Energies nouvelles : trois gros projets industriels annoncés au Havre
Le 7 novembre, les entreprises Qair, Air Products et Livista se sont vues attribuer 60 ha de foncier sur la zone portuaire. Marqueur de la réindustrialisation verte, leur arrivée a été célébrée par la venue de trois ministres.
Et un… et deux… et trois ministres… Il y avait comme un air de conseil des ministres ce 7 novembre au Havre.
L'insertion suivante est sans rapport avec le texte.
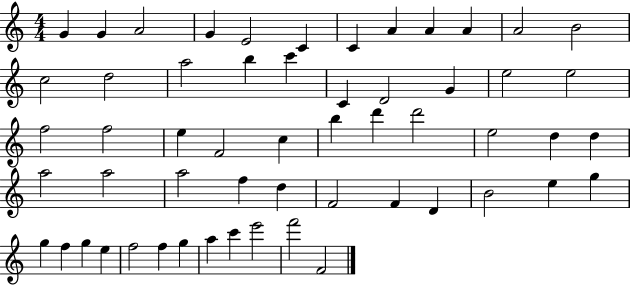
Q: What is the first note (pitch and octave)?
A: G4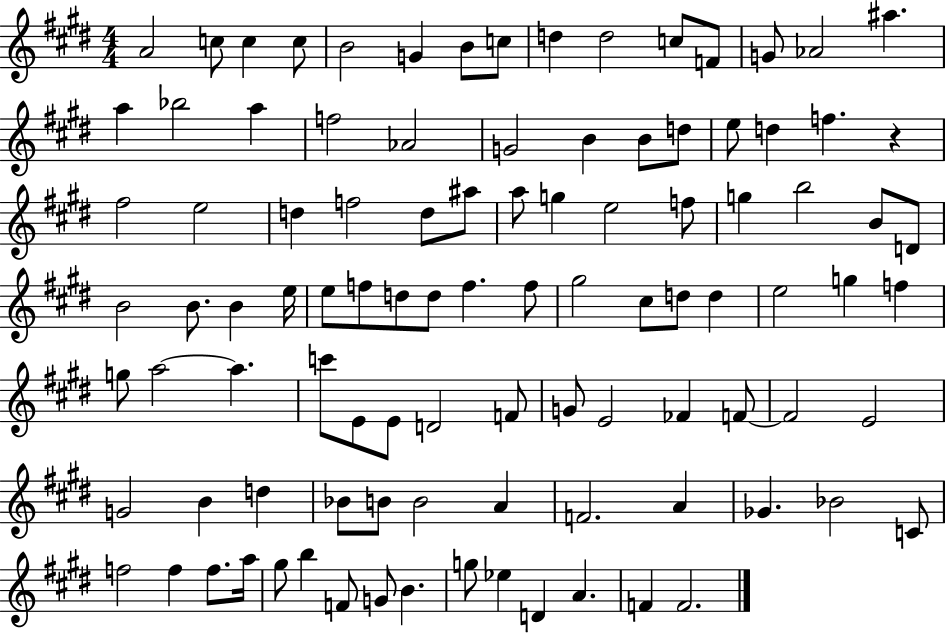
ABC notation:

X:1
T:Untitled
M:4/4
L:1/4
K:E
A2 c/2 c c/2 B2 G B/2 c/2 d d2 c/2 F/2 G/2 _A2 ^a a _b2 a f2 _A2 G2 B B/2 d/2 e/2 d f z ^f2 e2 d f2 d/2 ^a/2 a/2 g e2 f/2 g b2 B/2 D/2 B2 B/2 B e/4 e/2 f/2 d/2 d/2 f f/2 ^g2 ^c/2 d/2 d e2 g f g/2 a2 a c'/2 E/2 E/2 D2 F/2 G/2 E2 _F F/2 F2 E2 G2 B d _B/2 B/2 B2 A F2 A _G _B2 C/2 f2 f f/2 a/4 ^g/2 b F/2 G/2 B g/2 _e D A F F2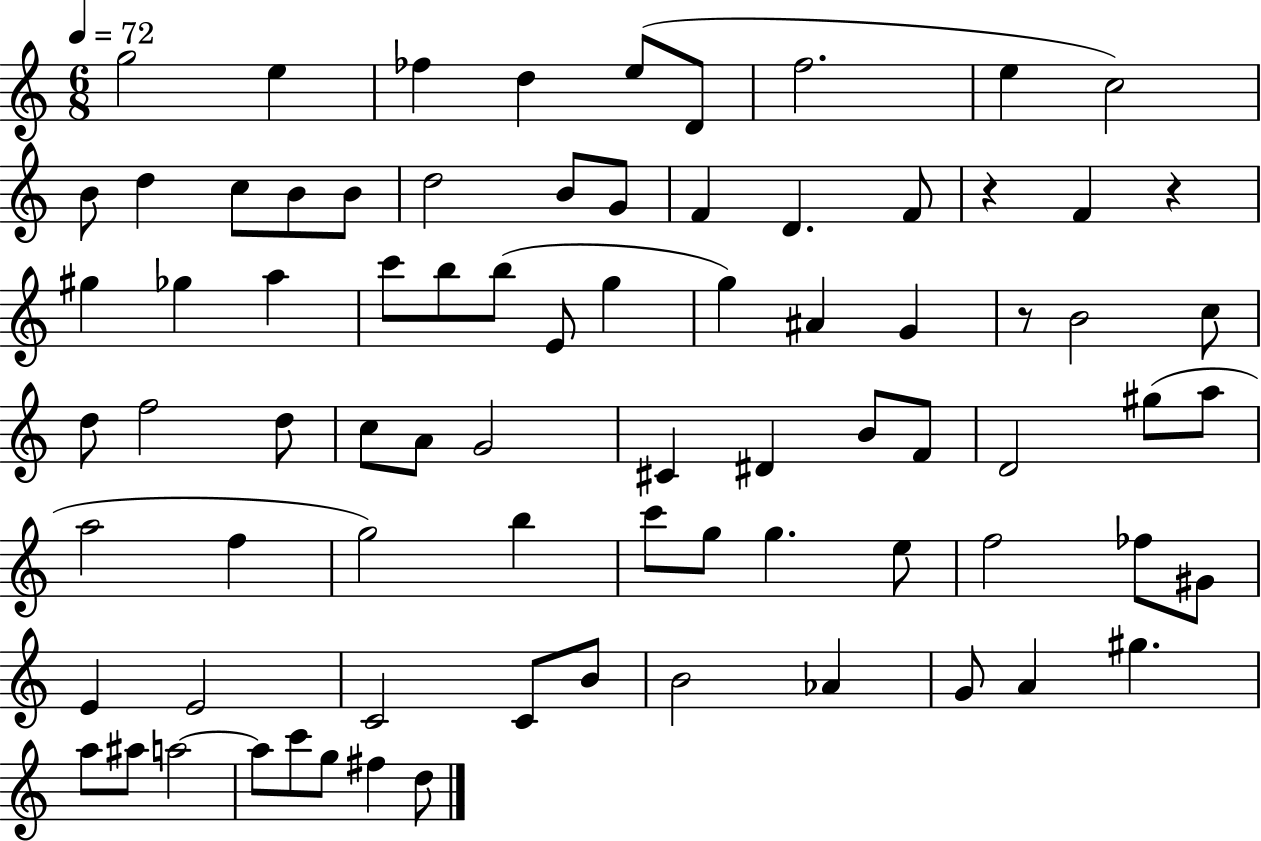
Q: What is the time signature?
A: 6/8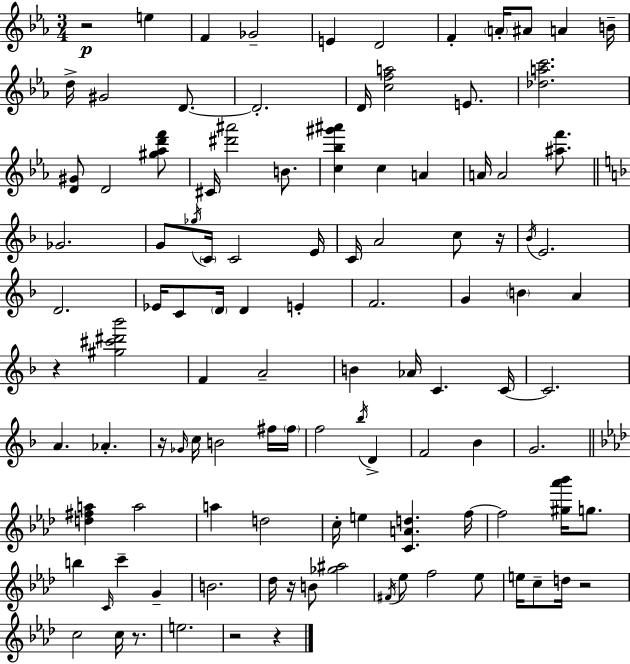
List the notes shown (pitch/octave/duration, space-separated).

R/h E5/q F4/q Gb4/h E4/q D4/h F4/q A4/s A#4/e A4/q B4/s D5/s G#4/h D4/e. D4/h. D4/s [C5,F5,A5]/h E4/e. [Db5,A5,C6]/h. [D4,G#4]/e D4/h [G#5,Ab5,D6,F6]/e C#4/s [D#6,A#6]/h B4/e. [C5,Bb5,G#6,A#6]/q C5/q A4/q A4/s A4/h [A#5,F6]/e. Gb4/h. G4/e Gb5/s C4/s C4/h E4/s C4/s A4/h C5/e R/s Bb4/s E4/h. D4/h. Eb4/s C4/e D4/s D4/q E4/q F4/h. G4/q B4/q A4/q R/q [G#5,C#6,D#6,Bb6]/h F4/q A4/h B4/q Ab4/s C4/q. C4/s C4/h. A4/q. Ab4/q. R/s Gb4/s C5/s B4/h F#5/s F#5/s F5/h Bb5/s D4/q F4/h Bb4/q G4/h. [D5,F#5,A5]/q A5/h A5/q D5/h C5/s E5/q [C4,A4,D5]/q. F5/s F5/h [G#5,Ab6,Bb6]/s G5/e. B5/q C4/s C6/q G4/q B4/h. Db5/s R/s B4/e [Gb5,A#5]/h F#4/s Eb5/e F5/h Eb5/e E5/s C5/e D5/s R/h C5/h C5/s R/e. E5/h. R/h R/q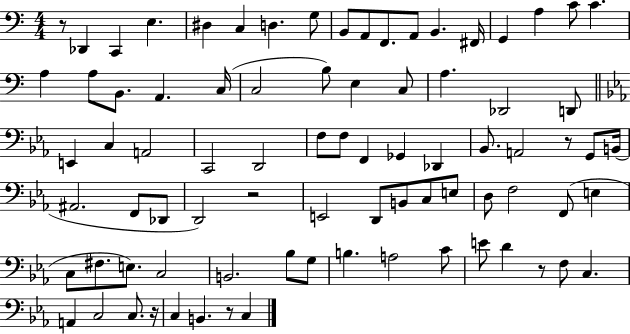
{
  \clef bass
  \numericTimeSignature
  \time 4/4
  \key c \major
  r8 des,4 c,4 e4. | dis4 c4 d4. g8 | b,8 a,8 f,8. a,8 b,4. fis,16 | g,4 a4 c'8 c'4. | \break a4 a8 b,8. a,4. c16( | c2 b8) e4 c8 | a4. des,2 d,8 | \bar "||" \break \key ees \major e,4 c4 a,2 | c,2 d,2 | f8 f8 f,4 ges,4 des,4 | bes,8. a,2 r8 g,8 b,16( | \break ais,2. f,8 des,8 | d,2) r2 | e,2 d,8 b,8 c8 e8 | d8 f2 f,8( e4 | \break c8 fis8. e8.) c2 | b,2. bes8 g8 | b4. a2 c'8 | e'8 d'4 r8 f8 c4. | \break a,4 c2 c8. r16 | c4 b,4. r8 c4 | \bar "|."
}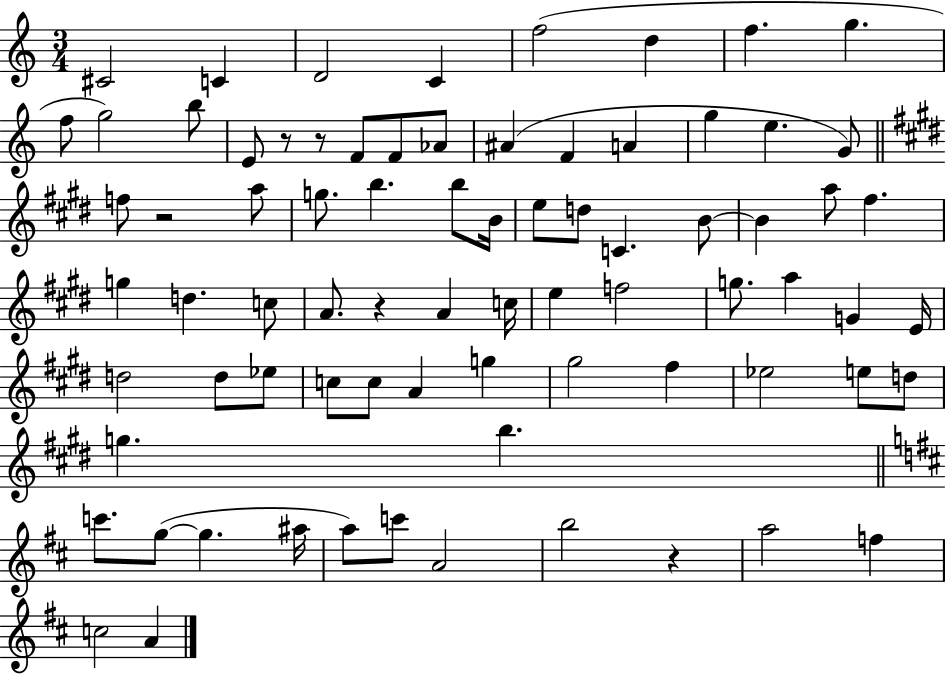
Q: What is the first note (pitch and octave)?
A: C#4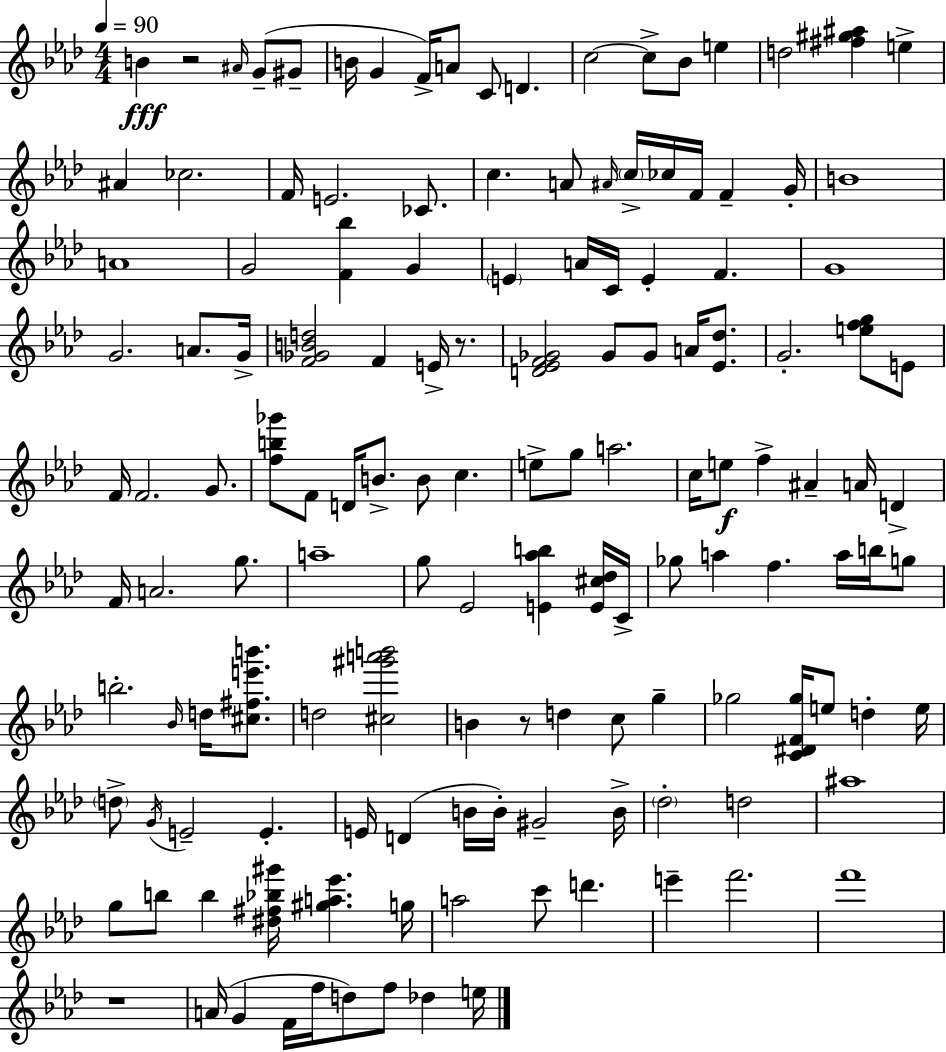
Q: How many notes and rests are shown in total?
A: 140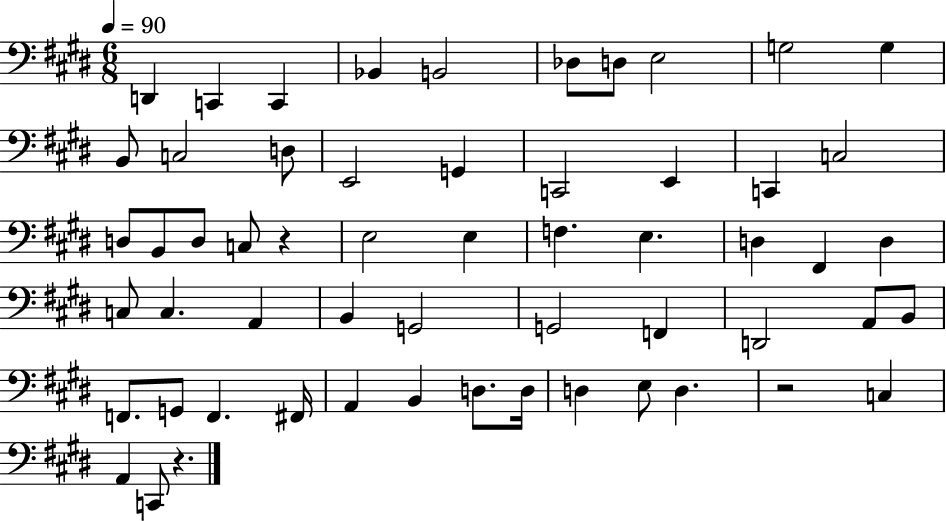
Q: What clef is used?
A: bass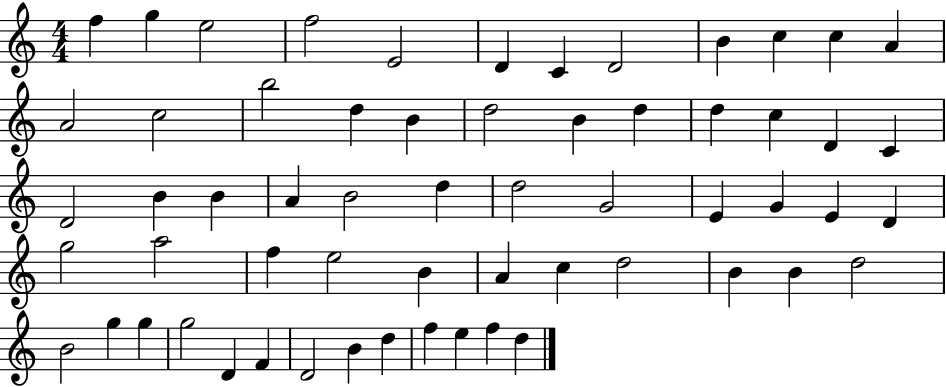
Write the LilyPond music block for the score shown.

En effet, alors que d’épaisses fumées noires s’élevaient dans le ciel de la ville depuis les piquets de grève des travailleurs portuaires, le Grand Port Maritime célébrait l’attribution de 60 hectares de foncier à trois entreprises sur la zone "A29 Ouest". Un évènement « peu spectaculaire pour le grand public », a admis Edouard Philippe, maire du Havre, mais « décisif pour la décarbonation du pays » ; « une illustration savoureuse des pistes variées que l’on peut explorer ».
Le port du Havre veut en effet sortir du tout pétrole. « Cela reste la première marchandise à transiter par le port, et c’est la filière industrielle qui crée le plus de marge », illustre Florian Weyler directeur de Haropa Ports, délégué au territoire havrais. Mais en parallèle, les grands ports (Le Havre, Dunkerque et Marseille) représentent à eux seuls 55 % des émissions industrielles de gaz à effet de serre.
E-fuel et hydrogène
Rien d’étonnant donc à ce que les trois lauréats de l’appel à projets lancé par Haropa Ports soient ancrés dans les énergies nouvelles. L’entreprise Qair (basée à Montpellier) déjà engagée dans tous les volets des énergies renouvelables, compte ainsi construire une usine de production de e-méthanol, produit à base d’hydrogène. Un investissement de 500 M€, destiné par exemple à alimenter en e-fuel les porte-conteneurs de demain…
Le "hasard" faisant bien les choses, son futur voisin, l’américain Air Products, qui a récemment décroché un contrat avec TotalEnergies pour fournir 70 kilotonnes d’hydrogène renouvelable par an, envisage une unité de production d’hydrogène à partir d’ammoniaque, dont la capacité reste encore à définir. « Nous attendons des contrats longues durées pour établir précisément la stratégie que sera déployée au Havre », précise David Martin, vice-président Europe et Afrique pour Air Products.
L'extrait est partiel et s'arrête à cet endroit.